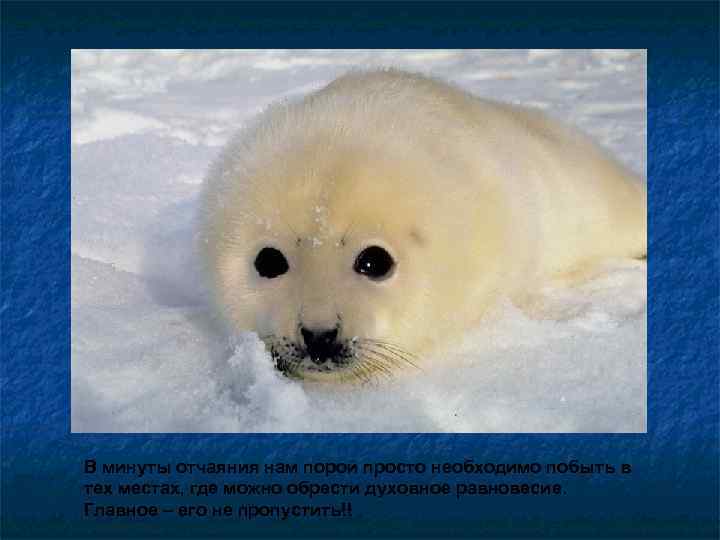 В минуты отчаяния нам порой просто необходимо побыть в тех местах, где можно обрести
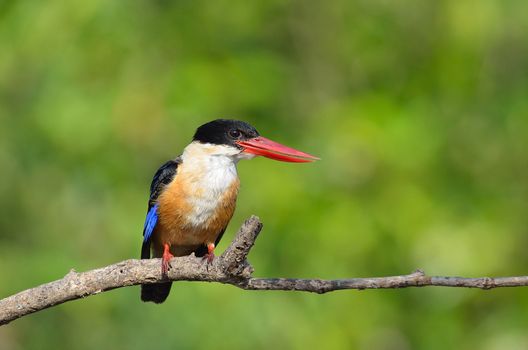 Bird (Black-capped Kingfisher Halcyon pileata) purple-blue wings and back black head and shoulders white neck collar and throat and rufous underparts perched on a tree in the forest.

※

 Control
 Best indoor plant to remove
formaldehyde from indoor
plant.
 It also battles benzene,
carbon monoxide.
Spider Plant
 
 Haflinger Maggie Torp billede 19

※

* [Work instruction] Copy each line in the entries above where the word "indoor" shows up.

* [Answer for this exercise]
 Best indoor plant to remove
formaldehyde from indoor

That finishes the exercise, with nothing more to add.